§ **Provided records**:

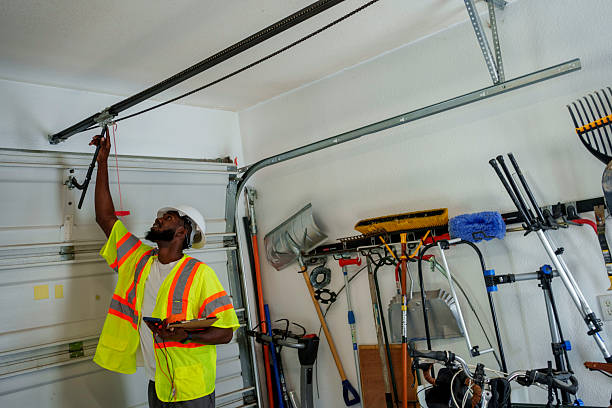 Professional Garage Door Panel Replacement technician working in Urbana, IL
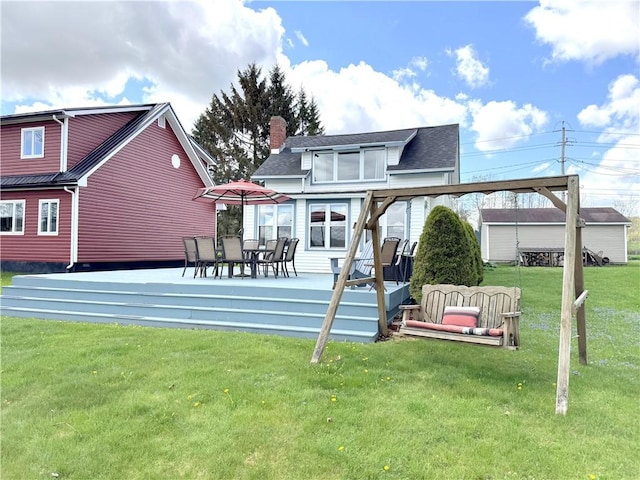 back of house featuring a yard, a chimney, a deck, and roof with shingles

==

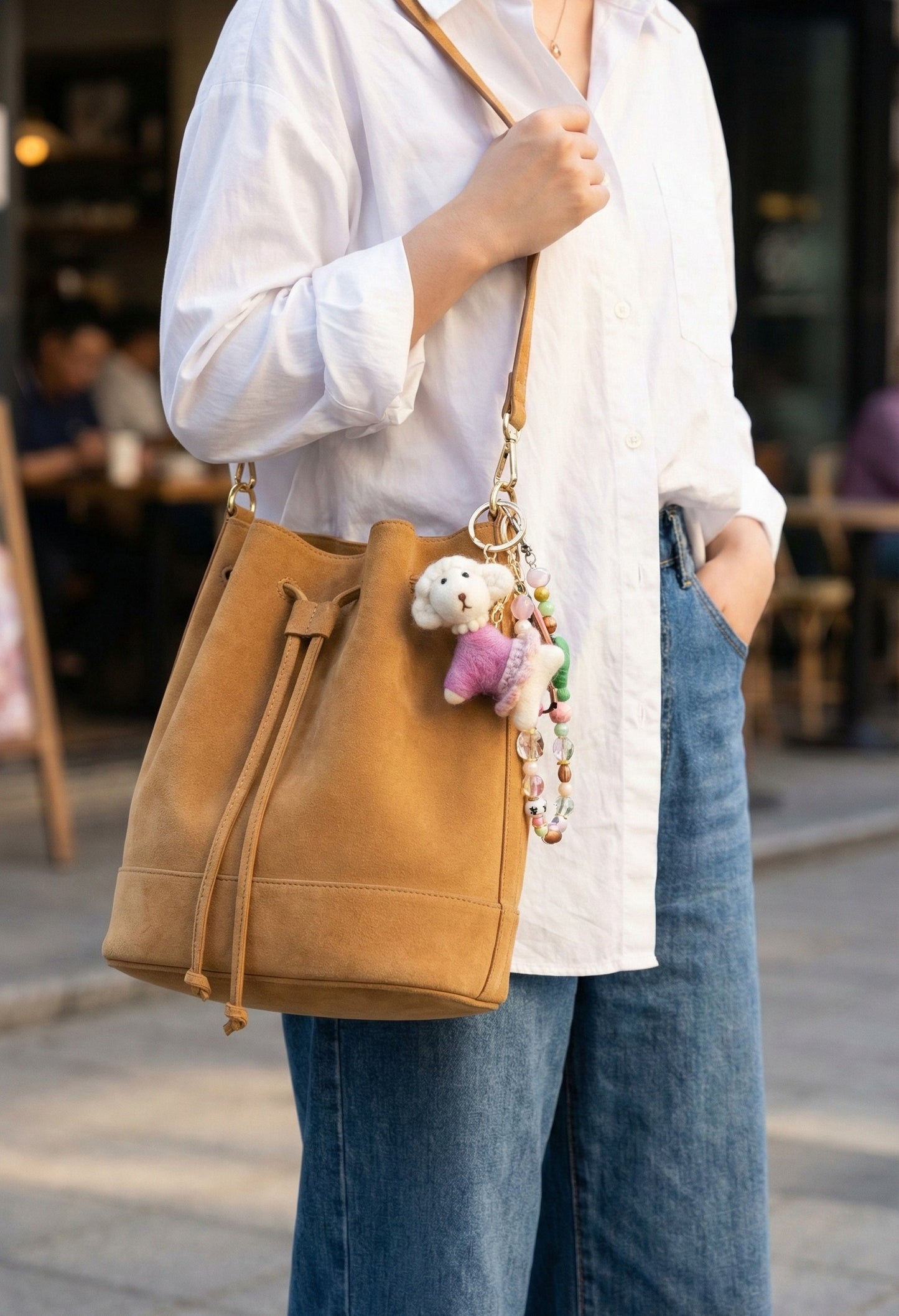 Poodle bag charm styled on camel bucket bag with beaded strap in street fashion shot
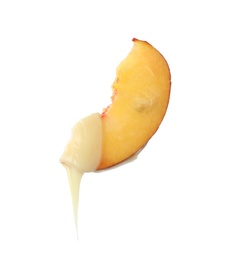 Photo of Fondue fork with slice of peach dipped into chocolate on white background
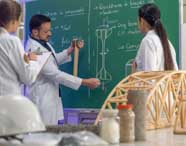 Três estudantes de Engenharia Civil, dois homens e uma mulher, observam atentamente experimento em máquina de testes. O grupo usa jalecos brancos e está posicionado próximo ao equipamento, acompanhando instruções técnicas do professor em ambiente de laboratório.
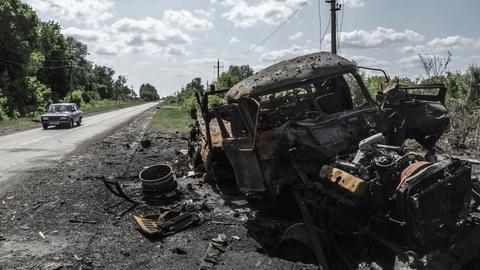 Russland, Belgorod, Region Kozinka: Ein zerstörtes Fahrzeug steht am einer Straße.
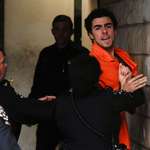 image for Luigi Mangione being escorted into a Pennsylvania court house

---

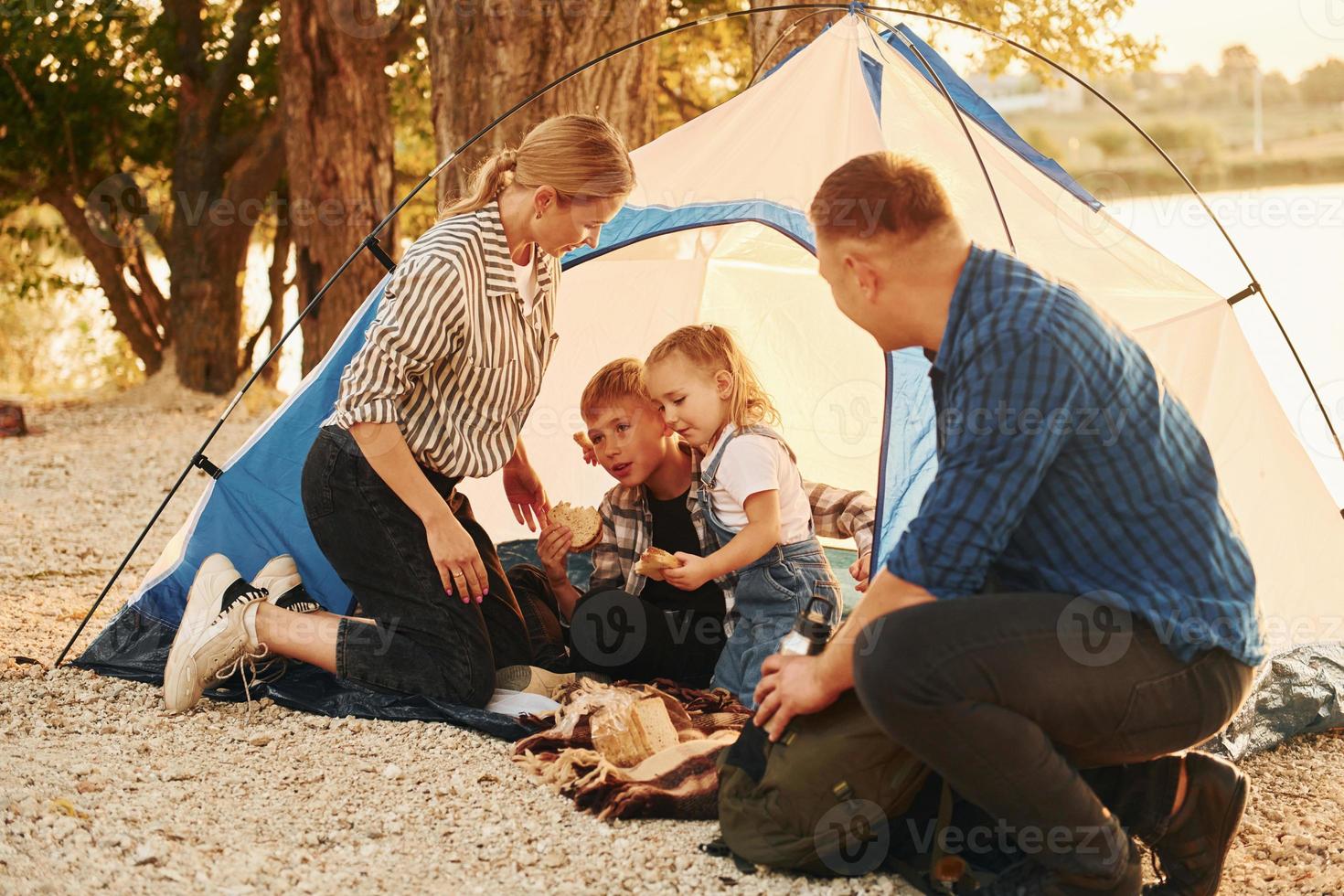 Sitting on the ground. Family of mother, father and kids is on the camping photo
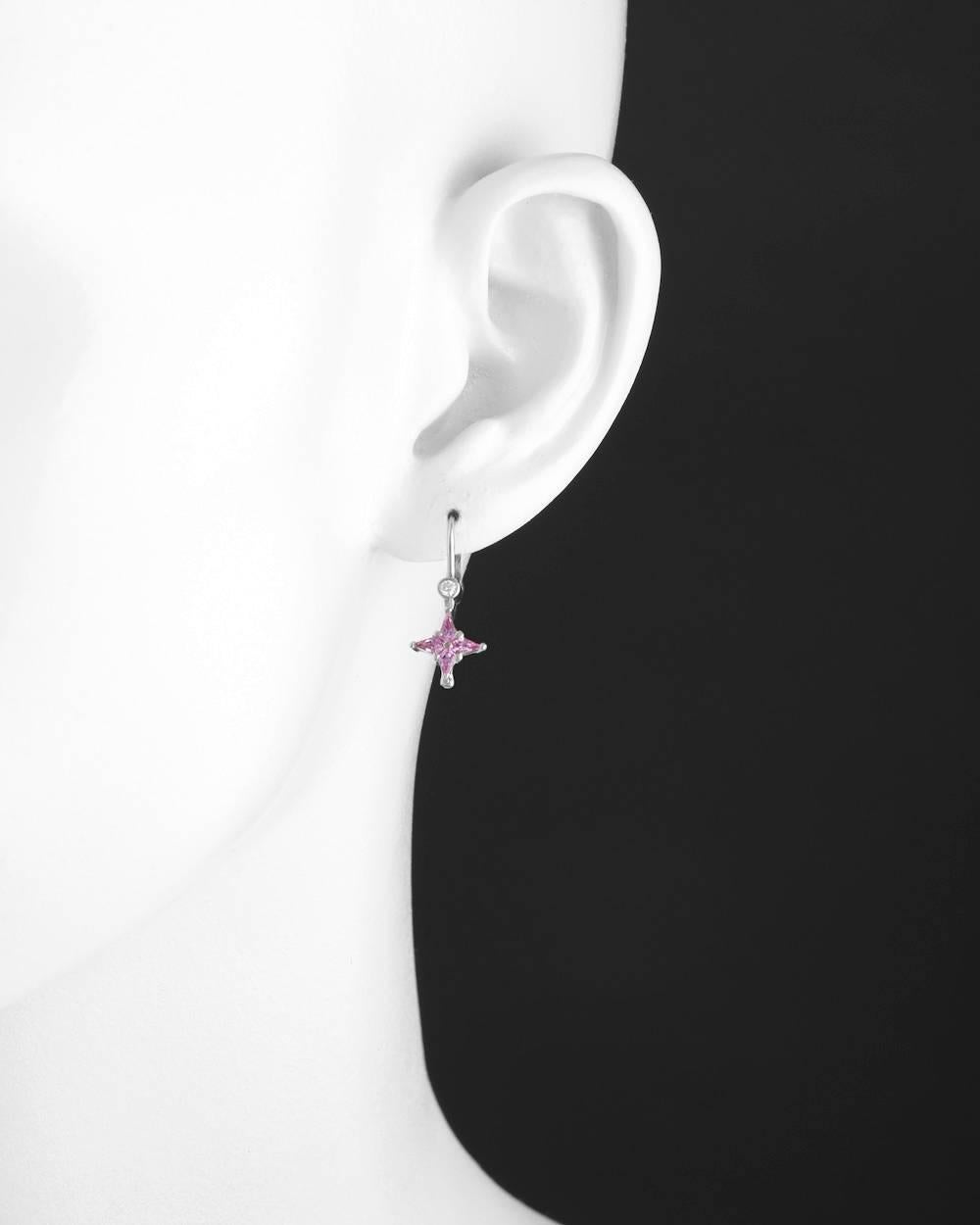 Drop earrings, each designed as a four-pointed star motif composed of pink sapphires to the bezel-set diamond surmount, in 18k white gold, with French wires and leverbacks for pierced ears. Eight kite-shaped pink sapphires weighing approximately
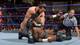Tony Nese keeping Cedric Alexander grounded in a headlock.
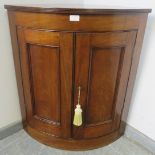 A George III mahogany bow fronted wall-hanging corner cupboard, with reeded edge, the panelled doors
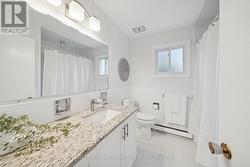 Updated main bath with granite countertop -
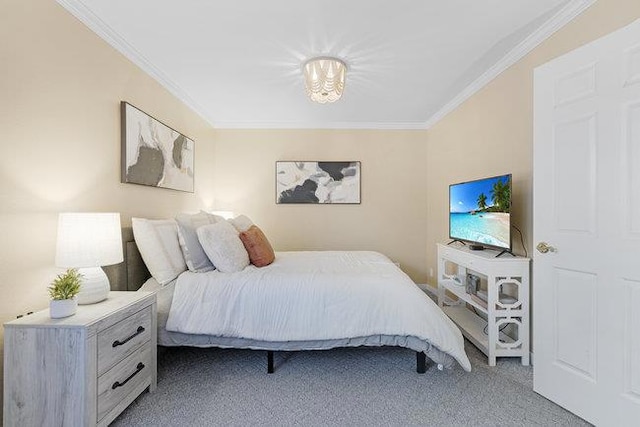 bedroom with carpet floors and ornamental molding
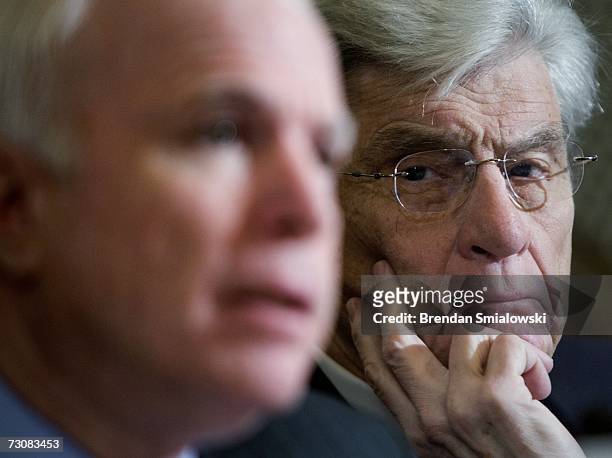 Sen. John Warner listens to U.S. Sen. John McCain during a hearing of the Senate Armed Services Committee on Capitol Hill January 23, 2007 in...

§ **Work request**: In the entries above, find the line that contains "Russland, Belgorod, Region" and the line that contains "image for Luigi". Reproduce exactly those two lines and every line between them, but not the pictures.

§ **Reply**:
 Russland, Belgorod, Region Kozinka: Ein zerstörtes Fahrzeug steht am einer Straße.
 image for Luigi Mangione being escorted into a Pennsylvania court house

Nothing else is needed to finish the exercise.